As we can see from Table 3, all three components improve PARENT precision. While the improvement by calibration is the smallest, the technique also improves PARENT recall and BLEU score at the same time, making it an easy choice. The other techniques trade recall for precision, making them useful for tasks that require a high degree of faithfulness. When all three components are disabled, the model is exactly the same as our implementation of the Pointer-Generator. Every component improves PARENT precision upon it as well. Especially, comparing Pointer-Generator with “No variational” shows again that joint training with calibration improves all metrics.
We also note that the average lengths of generations by our confident decoding models are shorter. While there exists heuristics such as length penalty(wu2016google) to encourage longer generation at inference time, shorter generation is not trivial. In the “Truncated“ setting, we truncate predictions by the Pointer-Generator two words each to match the average length of Confident Pointer-Generator. The PARENT precision by our confident decoding method is not trivially achieved by truncation.
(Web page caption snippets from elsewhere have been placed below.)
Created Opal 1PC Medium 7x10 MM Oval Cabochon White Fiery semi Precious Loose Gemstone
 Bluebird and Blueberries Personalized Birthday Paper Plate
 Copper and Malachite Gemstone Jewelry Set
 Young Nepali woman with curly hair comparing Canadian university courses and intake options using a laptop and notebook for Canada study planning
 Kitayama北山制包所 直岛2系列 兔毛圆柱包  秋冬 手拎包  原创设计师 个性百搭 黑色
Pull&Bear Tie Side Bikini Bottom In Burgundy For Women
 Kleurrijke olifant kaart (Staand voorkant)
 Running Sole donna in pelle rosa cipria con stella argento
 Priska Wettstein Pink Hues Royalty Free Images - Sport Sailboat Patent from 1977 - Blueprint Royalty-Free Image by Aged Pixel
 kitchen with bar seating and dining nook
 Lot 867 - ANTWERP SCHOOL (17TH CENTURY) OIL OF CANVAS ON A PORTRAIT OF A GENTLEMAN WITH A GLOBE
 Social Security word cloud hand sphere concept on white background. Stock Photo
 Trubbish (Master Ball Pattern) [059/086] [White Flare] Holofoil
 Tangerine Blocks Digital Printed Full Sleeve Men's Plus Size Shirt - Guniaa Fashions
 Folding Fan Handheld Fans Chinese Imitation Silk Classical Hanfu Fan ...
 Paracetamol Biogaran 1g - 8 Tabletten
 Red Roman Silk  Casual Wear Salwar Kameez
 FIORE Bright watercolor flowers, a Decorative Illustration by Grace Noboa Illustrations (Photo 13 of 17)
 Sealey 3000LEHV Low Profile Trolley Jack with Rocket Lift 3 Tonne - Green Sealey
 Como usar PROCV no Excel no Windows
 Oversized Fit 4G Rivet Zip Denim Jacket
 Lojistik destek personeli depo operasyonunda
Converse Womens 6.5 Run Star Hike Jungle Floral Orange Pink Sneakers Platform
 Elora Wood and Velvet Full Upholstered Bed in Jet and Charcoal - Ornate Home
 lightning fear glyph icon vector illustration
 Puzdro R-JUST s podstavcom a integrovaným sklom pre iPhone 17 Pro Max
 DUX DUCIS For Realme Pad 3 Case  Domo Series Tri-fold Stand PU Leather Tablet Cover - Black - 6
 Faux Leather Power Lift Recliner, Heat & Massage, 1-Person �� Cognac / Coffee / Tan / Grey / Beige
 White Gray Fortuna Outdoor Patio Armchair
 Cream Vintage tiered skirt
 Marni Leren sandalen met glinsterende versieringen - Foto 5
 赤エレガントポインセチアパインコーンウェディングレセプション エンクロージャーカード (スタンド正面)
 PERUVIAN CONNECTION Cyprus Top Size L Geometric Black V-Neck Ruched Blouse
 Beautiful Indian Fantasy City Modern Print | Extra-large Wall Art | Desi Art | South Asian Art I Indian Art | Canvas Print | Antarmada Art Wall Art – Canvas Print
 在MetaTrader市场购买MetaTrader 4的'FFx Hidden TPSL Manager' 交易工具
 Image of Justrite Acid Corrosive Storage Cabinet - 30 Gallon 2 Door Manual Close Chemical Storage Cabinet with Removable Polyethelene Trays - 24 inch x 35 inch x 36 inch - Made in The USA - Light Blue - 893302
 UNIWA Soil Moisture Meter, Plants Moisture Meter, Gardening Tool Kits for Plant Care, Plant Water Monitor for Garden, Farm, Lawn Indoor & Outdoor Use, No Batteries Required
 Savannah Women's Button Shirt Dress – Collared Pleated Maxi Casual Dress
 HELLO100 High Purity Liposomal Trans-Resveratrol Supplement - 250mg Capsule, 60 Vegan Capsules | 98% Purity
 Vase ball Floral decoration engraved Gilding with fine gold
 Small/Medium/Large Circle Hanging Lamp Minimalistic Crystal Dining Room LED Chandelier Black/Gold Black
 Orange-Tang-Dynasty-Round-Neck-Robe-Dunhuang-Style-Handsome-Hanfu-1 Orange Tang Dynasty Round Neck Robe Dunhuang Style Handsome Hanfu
|BLEU||PARENT (Prec. / Rec. / F1)||Avg Len.|
|Confident Pointer-Generator (This Work)||38.10||79.52 / 40.60 / 51.38||17.0|
|No base-LM||39.39||78.77 / 41.55 / 52.08||17.9|
|No calibration||37.89||79.47 / 40.47 / 51.26||16.9|
|No variational||41.29||78.25 / 42.40 / 52.52||18.9|
|Pointer-Generator||41.07||77.59 / 42.12 / 52.10||19.1|
|Truncated||35.50||77.68 / 38.16 / 48.66||17.1|
In this work, we proposed a confidence oriented decoder that achieved more faithful generation on the WikiBio dataset than existing state-of-the-art approaches. Our method is general in principle, so it could potentially be adapted to other forms of conditional text generation such as document summarization and machine translation. Another source of future work could be enhancing the confidence score to move beyond shallow alignment and do more complex logical inference (steedman2011combinatory; kamath2018survey).